This intensity of emotion towards Proudhon’s theories is not recent, and
we may say that it was expressed throughout the writer’s life. As early
as 1840, the First Memoir on property was received with keen interest
among the working classes where his opening phrase (“Property is theft”)
quickly became a familiar slogan. But it also provoked anger from the
members of the Suard Academy, and then, when his Second Memoir was
published, concern from the justice system. The System of Economic
Contradictions attracted admiring and approving readers but sparked the
wrath of Marx. In 1848, Proudhon was regarded as a prominent defender of
the popular classes, and the results of his election to the National
Assembly in June show that he was not trusted only among the artisans.
But the events of June that shattered popular hopes also harmed trust in
the people’s spokesman, and in 1850 the moderates, who had once
participated in the February Revolution, turned against Proudhon whom
they saw as a disturbing annoyance.[2] After having been followed and
discussed, he quickly became known as “l’homme-terreur”. The story of
enthusiasm and anger does not end there: Proudhon, welcomed without
hesitation by the citizens of Brussels in 1858, had to flee the city
four years later following a violent protest against him. In 1861, his
book War and Peace provoked indignation and, furthermore, a complete
misunderstanding. The following year, his opposition to Italian unity
attracted very little approval and almost universal animosity.

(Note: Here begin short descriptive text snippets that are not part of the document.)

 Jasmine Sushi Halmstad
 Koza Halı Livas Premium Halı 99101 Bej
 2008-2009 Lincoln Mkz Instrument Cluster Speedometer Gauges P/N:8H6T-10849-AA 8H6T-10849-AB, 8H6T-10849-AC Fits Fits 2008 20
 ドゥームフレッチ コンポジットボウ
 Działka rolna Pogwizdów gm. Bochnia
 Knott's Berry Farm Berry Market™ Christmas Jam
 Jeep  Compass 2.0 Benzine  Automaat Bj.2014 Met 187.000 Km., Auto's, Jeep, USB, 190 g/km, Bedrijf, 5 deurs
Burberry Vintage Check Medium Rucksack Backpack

Marx’s subsequent attitude exemplifies the fury of these reactions,
although it may be interpreted in different ways. We know that Marx
initially expressed extreme admiration for the First Memoir, and that he
regarded Proudhon as an authentic representative of the revolutionary
movement,[3] before pillorying him and giving him the infamous epithet
“petty bourgeois”.[4] But the story of these contradictory emotions did
not end in 1847: the fervent admiration expressed in The Civil War in
France is also a tribute to Proudhon, since in it Marx praises precisely
the communalism and federalism that Proudhon had systematically
theorised nearly a decade earlier.
Among these impassioned returns to Proudhonism, we must also include the
dramatic period of the Paris Commune. Whereas the twenty years of the
Second Empire gave no indication that a federalist movement was
possible, the insurrection of March 1871 was driven by popular
enthusiasm, where a historic return to Proudhon’s federalist hopes and
his pluralistic conception of a new social order could clearly be
discerned.
After 1880, two great impassioned returns to Proudhon could be
contrasted: one positive, that of anarcho-syndicalism; the other
negative, that of communist ideology which would make Proudhonism the
symbol of evil. Of course, anarcho-syndicalism’s return to Proudhon[5]

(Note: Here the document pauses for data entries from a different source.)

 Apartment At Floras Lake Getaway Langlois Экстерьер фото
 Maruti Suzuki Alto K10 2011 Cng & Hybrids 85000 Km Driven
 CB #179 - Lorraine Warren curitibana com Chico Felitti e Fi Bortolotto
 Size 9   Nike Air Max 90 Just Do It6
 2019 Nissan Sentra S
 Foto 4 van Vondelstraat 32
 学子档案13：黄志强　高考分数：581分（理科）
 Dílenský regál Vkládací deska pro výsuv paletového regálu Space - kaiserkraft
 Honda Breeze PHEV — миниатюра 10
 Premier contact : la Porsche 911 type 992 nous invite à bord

is based on political explanations and supporting arguments, but it also
charged with feeling and emotion. Georges Sorel, Gaétan Pirou, Célestin
Bouglé, Georges Dolléans and others treat the rediscovery of Proudhonism
as a “resurrection” and as the revival of someone once forgotten. A
revival not made without horrified cries, as Eduard Bernstein testified
in 1900 in the French edition of his work Evolutionary Socialism in
which he writes in the preface: “Hence that horrified exclamation by a
few Marxists to me. He is resurrecting Proudhon!”[6]

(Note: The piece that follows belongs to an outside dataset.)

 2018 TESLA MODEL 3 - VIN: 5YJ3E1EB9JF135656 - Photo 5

It is indeed as a disturbing resurrection that these defenders
experienced this return. In fact, the history of the First International
was marked by the struggle of the collectivists and communists against
the Proudhonians and Bakunin. Marx’s son-in-law, Paul Lafargue, seemed
to have declared Proudhon’s definitive excommunication. However, a new
social movement became involved in other activities, giving new life and
presence to yesterday’s outcast.
The October Revolution and its descent into the Leninist, then Stalinist
State, would inspire a new revival, perhaps more easily explained but no
less impassioned. The state bureaucracy was compelled to fight against
all forms of opposition and, in particular, against an anarchism that
would contrast its revolutionary promises with the realities of a
despotic State. Proudhon thus assumed the diabolical figure of the
triumphant revolution’s worst enemy. Of all the returns to Proudhon,
this is perhaps the most understandable and politically logical: as the
Bolshevik Party tightened its grip on behaviour and expression, he who
denounced the State and political bureaucracy logically became the
iconic enemy and a symbol of dangerous resistance. We can follow the
extreme contradictions in Lenin’s work with regard to the Proudhonian
spirit: in 1902, in What Is to Be Done? , advocating the centralised
party and bringing professional revolutionaries together in perfect
unity, he firmly rejected the Proudhonian and anarchist tendency, but in
1917, the analyses in The State and Revolution struck anti-state tones
that Proudhon would not have rejected. It was after seizing power that
Proudhonism became a threat and a voice to be stifled.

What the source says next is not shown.